I just came across it through the excellent Hyperallergic online journal and am now an avid consumer of The Memory Palace…with a lot of catching up to do. So try out this one that I’m sure is as close to great art as can be…and yes I’ve been lucky enough to visit the Met…but I’m pretty sure I never visited this room – but I’m also damn sure if I can get there again I will.

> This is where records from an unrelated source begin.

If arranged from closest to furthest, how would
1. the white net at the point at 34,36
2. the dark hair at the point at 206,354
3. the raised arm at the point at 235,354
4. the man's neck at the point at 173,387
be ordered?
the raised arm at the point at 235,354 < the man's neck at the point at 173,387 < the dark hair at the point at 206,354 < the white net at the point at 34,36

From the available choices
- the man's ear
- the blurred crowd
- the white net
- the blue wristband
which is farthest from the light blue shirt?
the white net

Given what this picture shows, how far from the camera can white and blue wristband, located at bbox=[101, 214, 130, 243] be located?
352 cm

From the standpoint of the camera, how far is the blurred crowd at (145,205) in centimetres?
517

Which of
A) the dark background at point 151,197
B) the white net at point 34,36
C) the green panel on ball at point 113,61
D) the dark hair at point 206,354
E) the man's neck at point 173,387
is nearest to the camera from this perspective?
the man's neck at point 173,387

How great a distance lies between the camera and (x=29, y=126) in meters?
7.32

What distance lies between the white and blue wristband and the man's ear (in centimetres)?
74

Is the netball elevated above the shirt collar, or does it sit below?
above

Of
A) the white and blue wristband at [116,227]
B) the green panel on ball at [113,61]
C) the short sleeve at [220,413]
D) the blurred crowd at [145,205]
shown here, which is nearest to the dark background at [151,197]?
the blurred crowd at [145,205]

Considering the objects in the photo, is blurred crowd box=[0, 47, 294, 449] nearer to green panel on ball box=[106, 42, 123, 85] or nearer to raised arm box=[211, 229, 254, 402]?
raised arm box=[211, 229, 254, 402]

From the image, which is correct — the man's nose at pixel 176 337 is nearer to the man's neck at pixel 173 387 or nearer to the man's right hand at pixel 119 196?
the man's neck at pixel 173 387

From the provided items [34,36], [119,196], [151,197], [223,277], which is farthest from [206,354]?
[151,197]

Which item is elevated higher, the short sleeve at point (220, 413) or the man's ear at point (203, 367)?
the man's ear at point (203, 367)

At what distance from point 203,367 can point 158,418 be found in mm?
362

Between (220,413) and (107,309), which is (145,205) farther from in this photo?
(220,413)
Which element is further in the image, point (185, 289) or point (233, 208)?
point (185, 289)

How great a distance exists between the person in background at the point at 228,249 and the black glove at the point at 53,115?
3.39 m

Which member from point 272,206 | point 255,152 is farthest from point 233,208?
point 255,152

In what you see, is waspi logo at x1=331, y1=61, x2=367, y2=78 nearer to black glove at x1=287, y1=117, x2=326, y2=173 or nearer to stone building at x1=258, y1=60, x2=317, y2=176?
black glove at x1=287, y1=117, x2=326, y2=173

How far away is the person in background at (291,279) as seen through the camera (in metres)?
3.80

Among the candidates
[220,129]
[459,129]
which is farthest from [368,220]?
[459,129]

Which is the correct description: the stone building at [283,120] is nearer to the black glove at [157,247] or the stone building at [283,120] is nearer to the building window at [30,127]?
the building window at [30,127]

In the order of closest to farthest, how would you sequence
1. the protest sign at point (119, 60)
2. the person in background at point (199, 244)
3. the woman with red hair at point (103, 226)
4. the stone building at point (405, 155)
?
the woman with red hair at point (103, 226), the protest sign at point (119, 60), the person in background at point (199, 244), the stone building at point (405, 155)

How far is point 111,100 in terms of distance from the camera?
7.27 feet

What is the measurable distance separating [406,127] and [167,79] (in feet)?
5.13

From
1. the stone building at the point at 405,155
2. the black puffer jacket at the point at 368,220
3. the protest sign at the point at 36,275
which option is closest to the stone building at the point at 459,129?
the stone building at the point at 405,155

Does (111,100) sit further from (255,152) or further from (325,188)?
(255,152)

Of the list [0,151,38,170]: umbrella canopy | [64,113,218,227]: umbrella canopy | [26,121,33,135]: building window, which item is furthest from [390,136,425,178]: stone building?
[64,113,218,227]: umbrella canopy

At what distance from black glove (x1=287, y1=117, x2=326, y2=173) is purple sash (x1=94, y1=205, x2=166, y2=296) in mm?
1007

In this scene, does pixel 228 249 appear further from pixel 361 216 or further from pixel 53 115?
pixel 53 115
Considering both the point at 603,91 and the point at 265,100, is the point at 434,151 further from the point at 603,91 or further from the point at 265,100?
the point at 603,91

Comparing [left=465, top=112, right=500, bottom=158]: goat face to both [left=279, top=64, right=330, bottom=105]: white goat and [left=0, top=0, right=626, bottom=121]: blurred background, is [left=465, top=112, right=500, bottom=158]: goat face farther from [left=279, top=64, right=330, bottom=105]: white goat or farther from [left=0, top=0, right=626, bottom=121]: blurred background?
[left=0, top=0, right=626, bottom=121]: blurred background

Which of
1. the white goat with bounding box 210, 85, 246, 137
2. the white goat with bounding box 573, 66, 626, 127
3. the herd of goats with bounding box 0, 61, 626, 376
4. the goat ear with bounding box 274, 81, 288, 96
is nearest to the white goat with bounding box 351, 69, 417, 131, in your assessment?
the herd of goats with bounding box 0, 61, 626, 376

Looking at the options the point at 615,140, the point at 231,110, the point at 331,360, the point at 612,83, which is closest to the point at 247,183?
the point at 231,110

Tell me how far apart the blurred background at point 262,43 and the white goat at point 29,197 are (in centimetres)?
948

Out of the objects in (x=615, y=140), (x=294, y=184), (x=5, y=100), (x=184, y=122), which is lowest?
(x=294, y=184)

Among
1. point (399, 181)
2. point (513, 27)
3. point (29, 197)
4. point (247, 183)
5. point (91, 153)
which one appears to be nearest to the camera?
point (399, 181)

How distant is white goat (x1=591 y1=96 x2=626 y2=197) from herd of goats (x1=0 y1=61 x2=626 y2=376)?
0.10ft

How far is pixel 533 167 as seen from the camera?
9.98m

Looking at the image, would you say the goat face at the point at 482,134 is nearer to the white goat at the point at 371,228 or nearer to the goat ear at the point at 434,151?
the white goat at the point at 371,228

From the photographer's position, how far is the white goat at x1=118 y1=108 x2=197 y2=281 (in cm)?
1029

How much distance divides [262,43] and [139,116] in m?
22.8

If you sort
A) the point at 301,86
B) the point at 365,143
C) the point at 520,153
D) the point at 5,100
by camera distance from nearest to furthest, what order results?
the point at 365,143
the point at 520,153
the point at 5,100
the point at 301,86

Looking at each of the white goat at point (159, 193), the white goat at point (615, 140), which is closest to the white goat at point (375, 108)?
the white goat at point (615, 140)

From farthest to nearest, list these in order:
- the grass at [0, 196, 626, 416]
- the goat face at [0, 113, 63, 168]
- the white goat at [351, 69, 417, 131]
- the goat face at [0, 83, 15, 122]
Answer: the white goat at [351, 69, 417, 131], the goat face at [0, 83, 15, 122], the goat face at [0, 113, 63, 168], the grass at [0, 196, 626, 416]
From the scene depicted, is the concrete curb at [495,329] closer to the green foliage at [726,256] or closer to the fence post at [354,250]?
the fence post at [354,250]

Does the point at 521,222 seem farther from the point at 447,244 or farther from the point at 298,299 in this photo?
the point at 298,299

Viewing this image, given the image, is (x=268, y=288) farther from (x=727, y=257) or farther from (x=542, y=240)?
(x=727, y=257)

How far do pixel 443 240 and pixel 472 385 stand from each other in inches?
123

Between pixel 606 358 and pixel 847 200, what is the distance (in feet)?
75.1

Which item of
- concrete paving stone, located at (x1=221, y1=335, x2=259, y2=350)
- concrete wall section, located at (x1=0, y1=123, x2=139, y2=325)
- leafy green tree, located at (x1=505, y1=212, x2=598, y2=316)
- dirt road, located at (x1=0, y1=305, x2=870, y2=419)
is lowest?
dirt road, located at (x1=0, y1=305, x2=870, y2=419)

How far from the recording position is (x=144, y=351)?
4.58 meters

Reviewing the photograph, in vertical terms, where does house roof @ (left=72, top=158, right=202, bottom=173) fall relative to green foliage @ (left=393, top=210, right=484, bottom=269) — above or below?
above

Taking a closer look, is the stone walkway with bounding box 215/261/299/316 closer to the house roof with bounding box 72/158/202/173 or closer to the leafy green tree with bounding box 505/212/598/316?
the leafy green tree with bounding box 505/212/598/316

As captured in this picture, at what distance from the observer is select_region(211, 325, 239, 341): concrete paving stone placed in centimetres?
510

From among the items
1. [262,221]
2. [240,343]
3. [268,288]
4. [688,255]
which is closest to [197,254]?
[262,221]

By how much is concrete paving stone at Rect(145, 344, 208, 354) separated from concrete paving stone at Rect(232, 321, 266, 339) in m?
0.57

Imagine its around 1420 and a ship is sailing north, away from the leading Hanseatic League port of Bergen, having left Bremen or Hamburg some time ago, and making for Hillswick, its destination to trade goods for salted fish, lamb and skins. Although on the last leg of its long journey it espies rough weather from the west and puts into the natural harbour of Schaldewage or Scalloway as we now know it. At that time the place is part of the Norse rule of the Islands, in fact it is only a couple miles south of Tingaholm, the Thing, where laws are debated and enforced. Until a century and a half later when Earl Robert Stewart moves it to the town, where twenty or so years on his son Patrick Stewart (presumably before becoming ‘Professor Charles Xavier’ or Jean Luc Picard – ha ha) builds his spanking new castle in the ‘town’ and the ‘ancient capital’ of the Islands. The town sits on the bottom end of the Nesting Fault, a splay of the Walls Boundary Fault, itself possibly connected to the great Glen Fault.
So The Booth is situated in an immensely rich and interesting location. Literally on the edge of the fault, the Castle a few yards away, the water of the harbour right below our window. Do learning about any of these things influence the production of abstract paintings I wonder? I’m just one of many artists who occasionally talk airily about ‘a sense of place’…but what does it actually mean? I’m ploughing my way, painfully slowly, through Mary Jacobus’s Reading Cy Twombly (its a very rich and rewarding book but requires a great deal of contextual understandings!) and she quotes from Shelley “Naught may endure but mutability” in regard to Twombly’s Letter of Resignation. The line has resonances for me every time I look up and out into the harbour and the ocean road beyond it…the sea and its ever changing moods and cadences. And perhaps its that, more than anything, that creates ‘a sense of place’.
Given that it has been raining cats & dogs for over eighteen hours now there’s plenty of opportunity to get on with the work! So I have at last finished at least one piece to my satisfaction. It derives its title from both the context in which it has been produced (on the waterfront here in Scalloway) and a poem by the late Peter Redgrove entitled On Losing One’s Black Dog. The view from our French Windows reminds me a little of the time when, albeit briefly, I knew Peter as a student at Falmouth where he was, luckily for us, the Complementary Studies tutor. He was very finely attuned to the Cornish environment and spoke eloquently and imaginatively about the ‘Black Dog’ in its several senses, one of which (not the one referred to directly in the poem) concerned the melancholia that descends on all things Cornish in the winter months. After today’s performance here (see photo below) during August one can only imagine what mid-winter brings to the folk here on Shetland!